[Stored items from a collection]
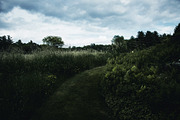 Hollywood LUTs pack, a Plug-in Add-On by Maple Visuals (Thumbnail 7 of 8)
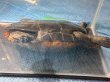画像4: ニホンイシガメ メス(18.5cm±)WILD▲ (4)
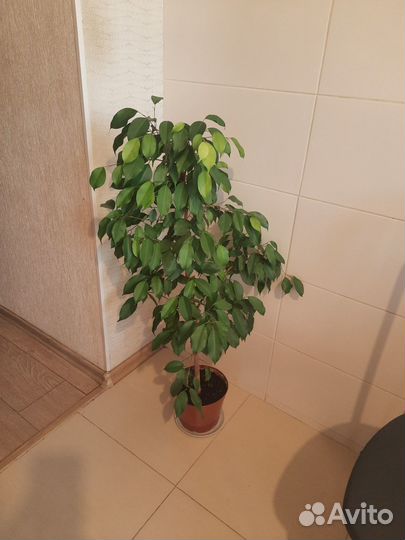 Фикус бенджамина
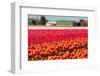 Field of Colorful Tulips-Peter Kirillov-Framed Photographic Print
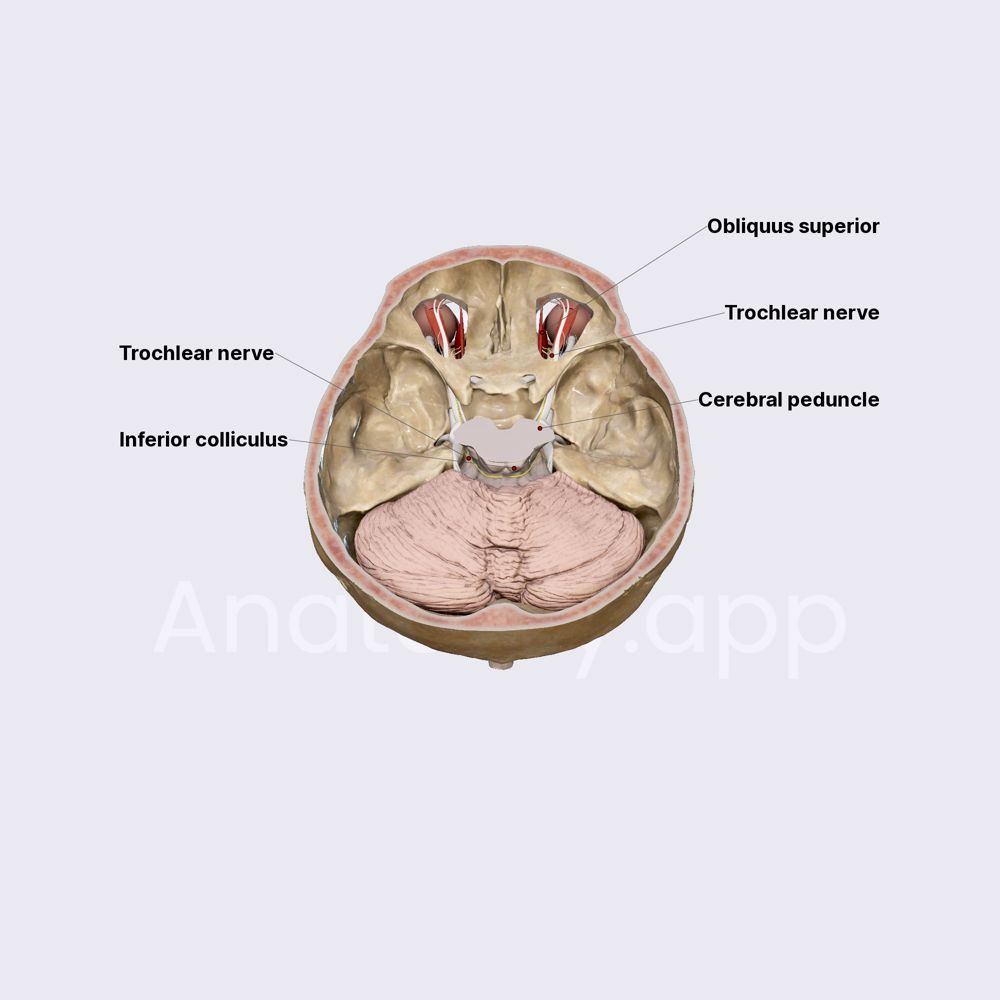 Trochlear nerve (CN IV)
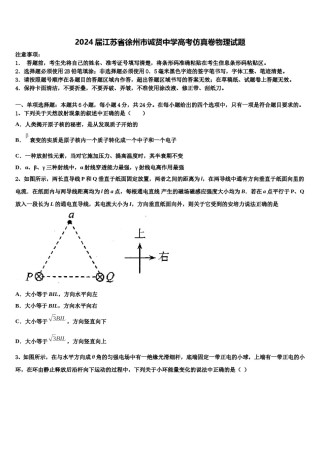 2024届江苏省徐州市诚贤中学高考仿真卷物理试题含解析.doc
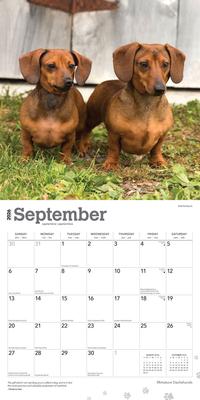 Show full view: Dachshunds, Miniature 2026 Square Flap Wall Calendar slide 4 of 4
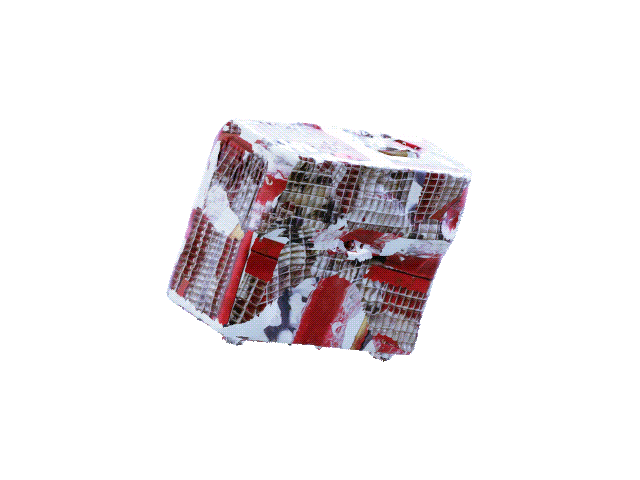 RICOH PROJECTOR 36.gif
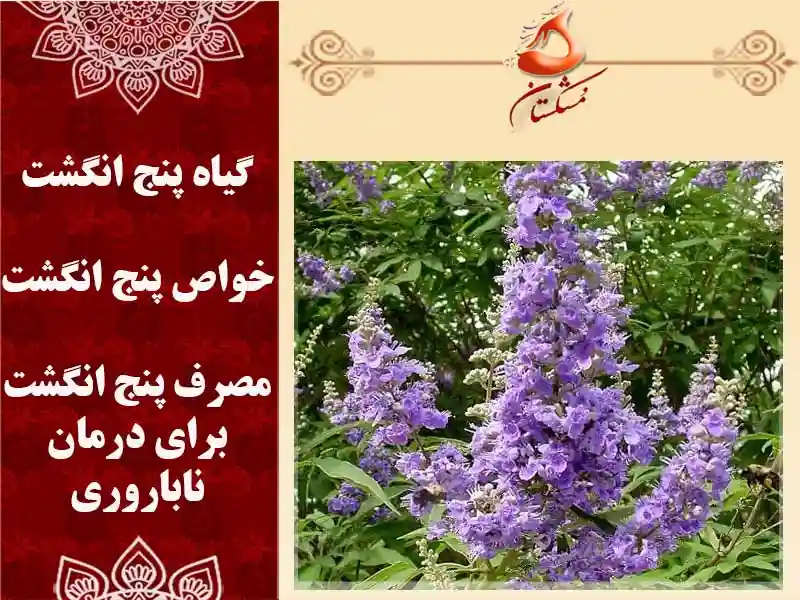 گیاه پنج انگشت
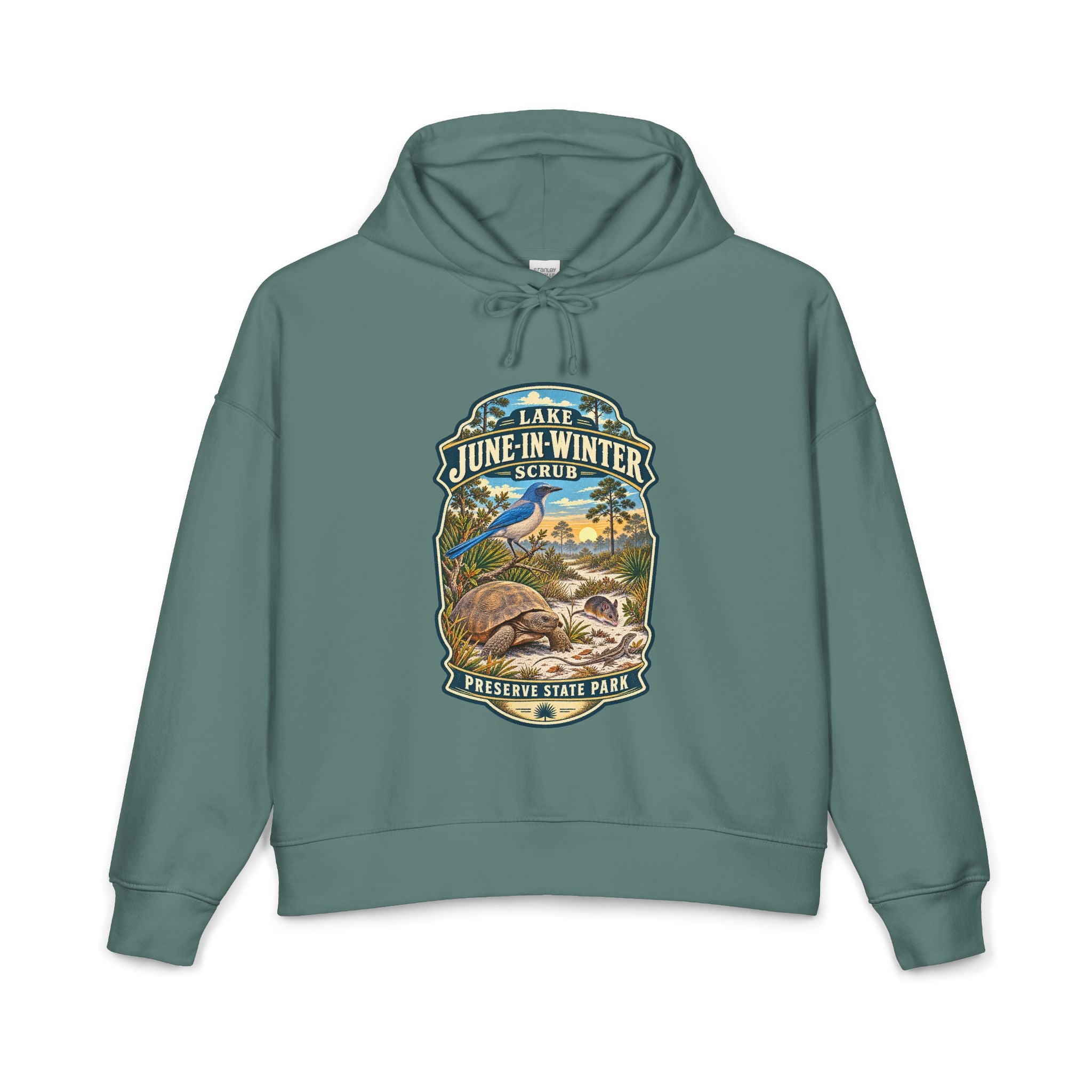 Lake June-in-Winter— Vintage Hoodie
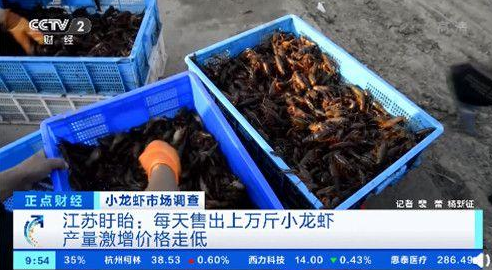 小龙虾一斤降价十几元是为什么，小龙虾的来历是什么，小龙虾为什么这么火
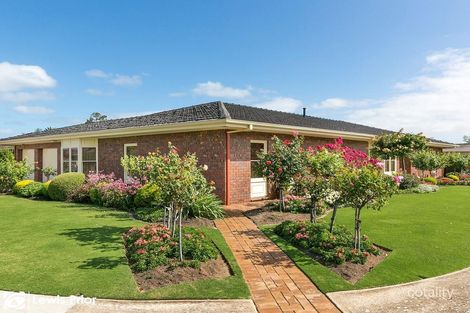Property photo of 43 Spruce Avenue Warradale SA 5046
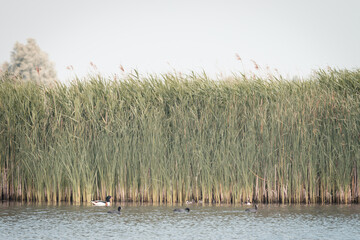 on a beautiful summer day, Volgermeerpolder, Amsterdam, Netherlands, nature reserve, breeding area, bird area, travel location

• DESCRIPTION OF THE TASK
Print every entry exactly. Pictures are not part of the copy.

• TASK ANSWER
 Hollywood LUTs pack, a Plug-in Add-On by Maple Visuals (Thumbnail 7 of 8)
画像4: ニホンイシガメ メス(18.5cm±)WILD▲ (4)
 Фикус бенджамина
 Field of Colorful Tulips-Peter Kirillov-Framed Photographic Print
 Trochlear nerve (CN IV)
 2024届江苏省徐州市诚贤中学高考仿真卷物理试题含解析.doc
 Show full view: Dachshunds, Miniature 2026 Square Flap Wall Calendar slide 4 of 4
 RICOH PROJECTOR 36.gif
 گیاه پنج انگشت
 Lake June-in-Winter— Vintage Hoodie
 小龙虾一斤降价十几元是为什么，小龙虾的来历是什么，小龙虾为什么这么火
Property photo of 43 Spruce Avenue Warradale SA 5046
 on a beautiful summer day, Volgermeerpolder, Amsterdam, Netherlands, nature reserve, breeding area, bird area, travel location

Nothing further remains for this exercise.